After successive sessions of correction, markets got some air to breathe as stocks witnessed buying in the last two sessions. Yesterday's buying can be seen in light with the Central Statistical Organization's third quarter GDP growth numbers. In this article, let's find out the reasons for this higher GDP growth and analyse which sectors are likely to benefit the most.India, world's 11th largest and Asia's 3rd largest economy, grew at a scorching double digit rate during the third quarter of 2004. Aided by good monsoons which led to a turnaround in the agriculture sector, the country's GDP growth climbed 10.4% on a YoY basis as against 8.4% registered during the second quarter and 5.7% during the first quarter of the current fiscal. The break-up of GDP growth shows that higher growth is largely due to 7.4% growth in manufacturing and 16.9% growth in agriculture.

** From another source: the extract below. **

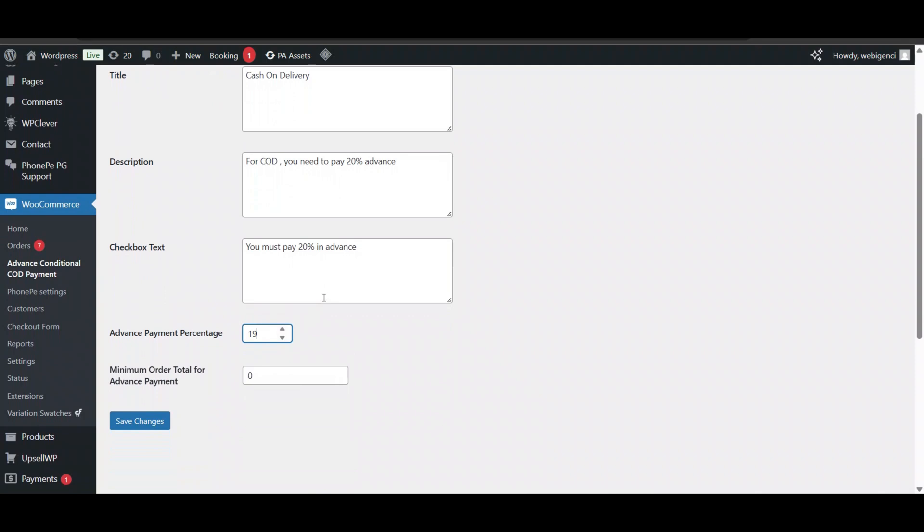Then there is a minimum order amount setting. If you want to set a minimum order amount for advance payment, you can set it here. For example, if a person orders above 500 or 1000, then they need to pay advance. Otherwise, they will get full cash on delivery.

The fact that larger growth has come from agriculture will result in higher income in the hands of the populace. More so for the rural sector, as 70% of the population is dependent on agriculture for their livelihood. Higher agriculture production will ensure higher purchasing power in rural India, which in turn will be beneficial for the consumer driven industries like FMCG and consumer durables. The graph below shows the correlation of agriculture growth vis-a-vis growth in FMCG major HLL's topline, which will substantiate the argument. However, one must remember that there is a lag effect between output and actual spending. HLL, in its analyst meet, indicated that typically a farmer retires his loans before spending on consumer goods.

Due to the government's thrust on infrastructure development, the construction sector grew by 5.1% YoY. Higher growth in construction is a positive for cement and steel industry. While we expect cement demand to grow at a steady rate, prices are not likely to improve substantially, as the demand-supply parity is yet to turn favorable for producers. Power industry in the country also grew by 5.2% for 3QFY04, which could largely attributed to the robustness in the industrial production. While incentives from the Electricity Act 2003 has helped, we expect the benefit to accrue over the next three to five years. Higher capital spending in generation capacity will help engineering companies to grow at a faster rate. Improvement in T&D segment (transmission and distribution) will also provide a fillip to the engineering as well as the aluminium industry. Currently, power transmission lines consume 40% of the aluminium produced.

Cotton production, which is expected to rise by 42.1% this fiscal, will definitely provide a ray of hope to textile companies. Cotton is the most important raw material and constitutes around 50% of the cost of production. Most of the textile companies suffered at the operating level in the last three-quarters due to higher cotton prices. However, one must remember that cotton prices move in line with international prices. So, one has to wait and watch the cotton production in countries like China and US.

So everything sounds good! It seems that India is shining! But investors will to have to bear in mind that the growth prospects of the Indian economy has always been positive. And it takes time for these opportunities to translate into higher growth in revenues for India Inc. Every business has a value. It is important to ascertain how of the current value of a stock actually reflects the likely benefits in the future. We believe that select stocks from like auto, power, engineering and few commodity sectors are expensive compared to the medium-term growth in profitability.

Besides, there can be some uncertainty in the markets due to the forth-coming elections. Appreciation of the rupee vis-a-vis US$ will have an adverse impact on export oriented industry like textile and software. In this year, India's economy has grown at a faster clip due to partly structural reasons (like productivity improvement and benefits from government spending) and partly one off in nature (higher agricultural output). Whether this rate of growth is likely to continue in the medium-term remains to be seen.

What everyone in the stock market already knows is already factored into the stock price and valuations. Stock markets and equities are all about predicting 'unknowns' and in the process, safeguarding ones own principal. Therefore, always look at the downside before the upside.